Hallowell is eager to work with marijuana businesses, Rudy said, but wants to limit the number of medical or adult-use marijuana stores in its downtown to no more than three. The moratorium is intended to buy the town time to write these regulations.

Rudy worries about a downtown full of retail stores after the adult-use market opens and cannabis prices start to fall, like they have in Colorado and Oregon. The green rush might drive rents up at first, but closures could leave downtown empty until rents stabilized.

“Tying the future of our downtown to a volatile market is risky,” Rudy said.

Some towns had assumed the opt-out clause of the adult-use cannabis law meant they could ban retail marijuana stores from their towns altogether, but that law only applies to recreational marijuana stores, not medical marijuana operations.

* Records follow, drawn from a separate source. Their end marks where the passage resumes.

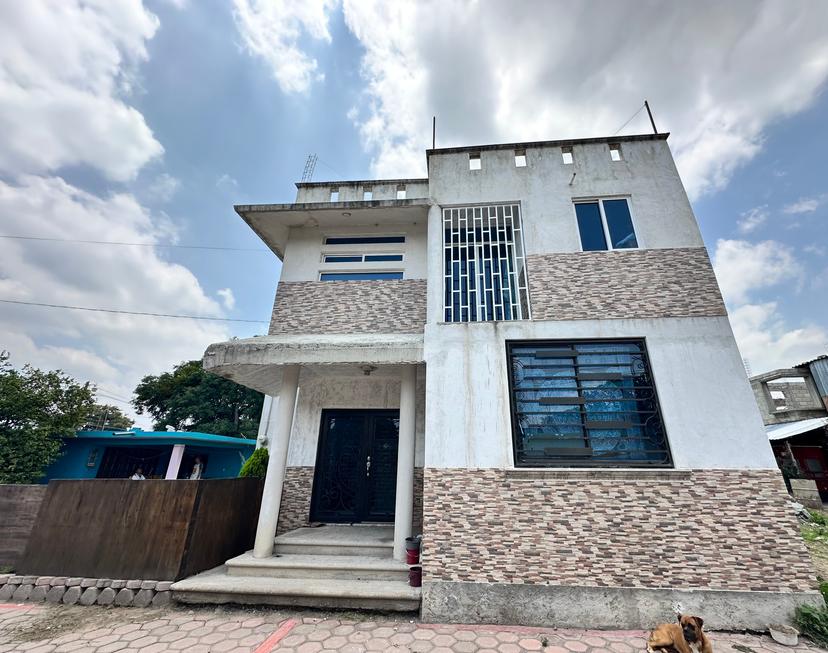 Casa de 3 plantas moderna y grandes espacios  3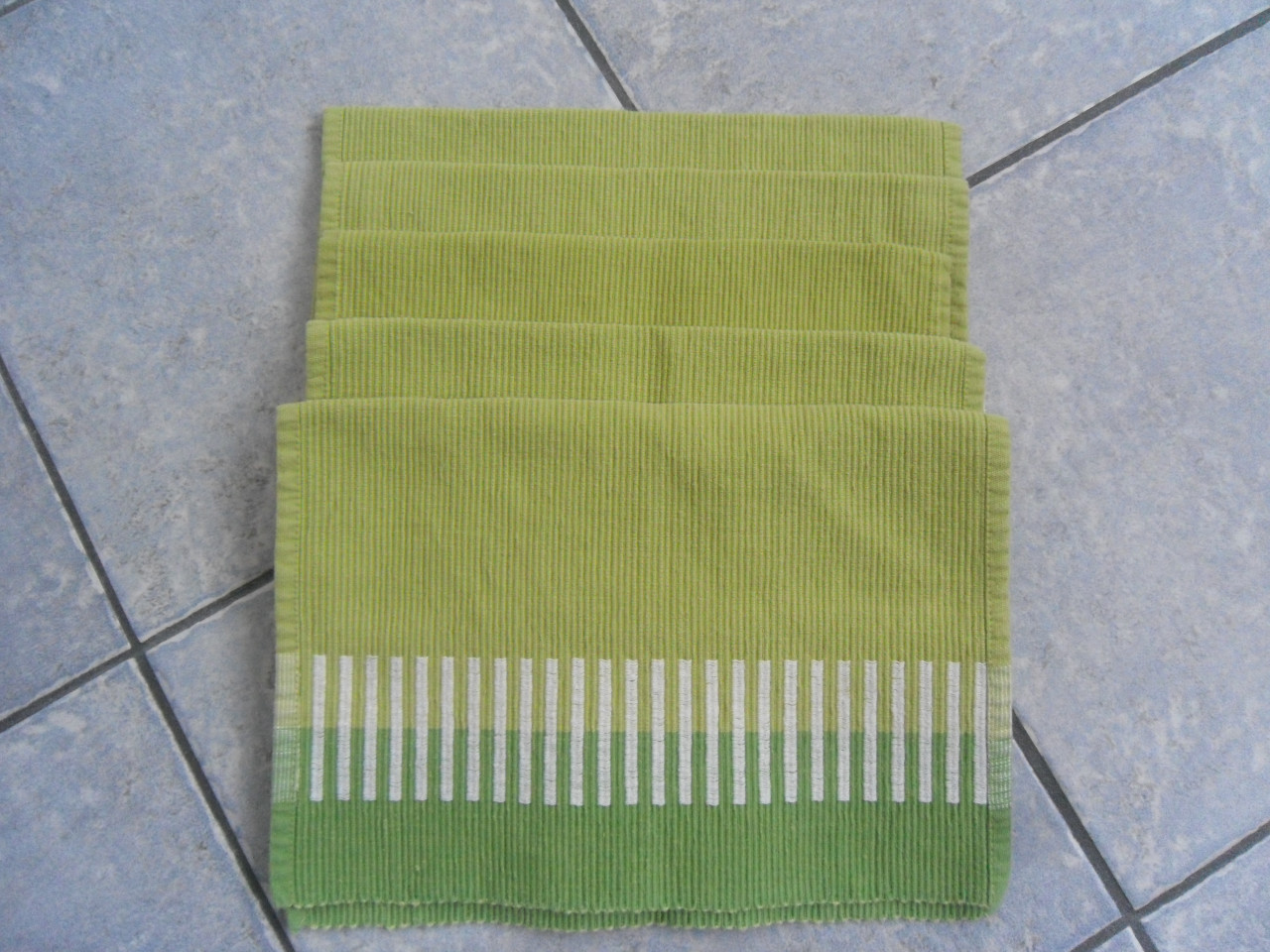 5 PLACE MATS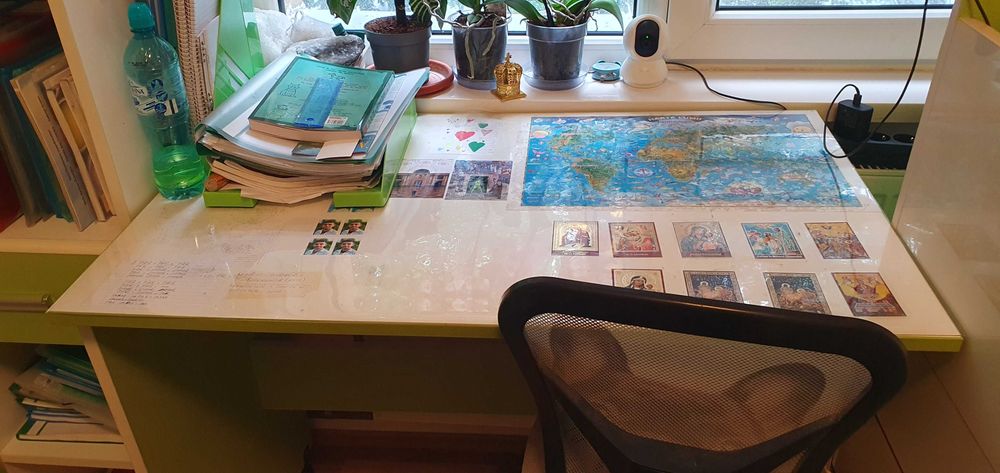 Mobila /mobilier pat + birou + dulap camera copil culoare alb / verde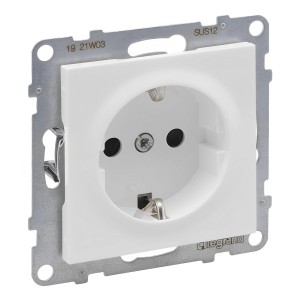 Legrand Seano Steckdose, 16A, 250V, ultraweiß, mit erhöhtem Berührungsschutz.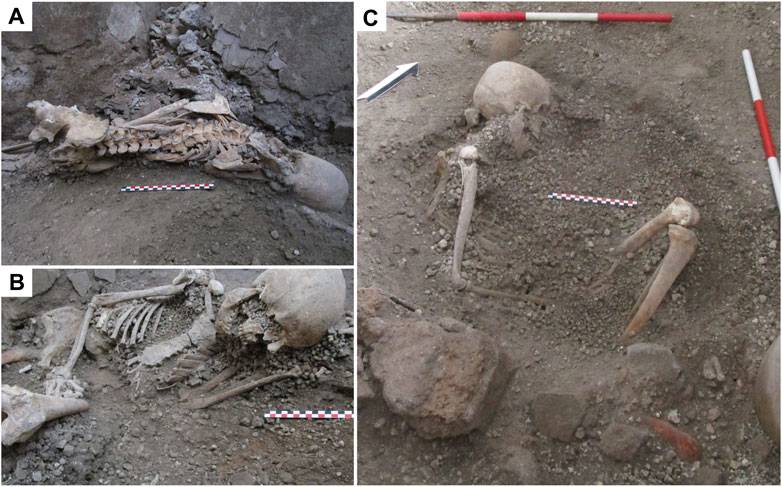 Tijdens opgravingen bij het zogeheten Huis van de Kuise Minnaars ontdekten archeologen twee skeletten en meerdere omgevallen muren, begraven tussen verschillende lagen vulkanische rotsen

Once the adult-use bill passed in May, and towns began to write highly restrictive marijuana regulations or ban grows, kitchens and stores altogether, some municipal leaders were surprised to learn the law didn’t apply to caregiver shops.

Some towns, such as South Portland, have passed moratoriums to buy time to create zoning laws to limit their locations, or to create downtown limits, such as Hallowell. Others, including Augusta, are trying to ban them altogether.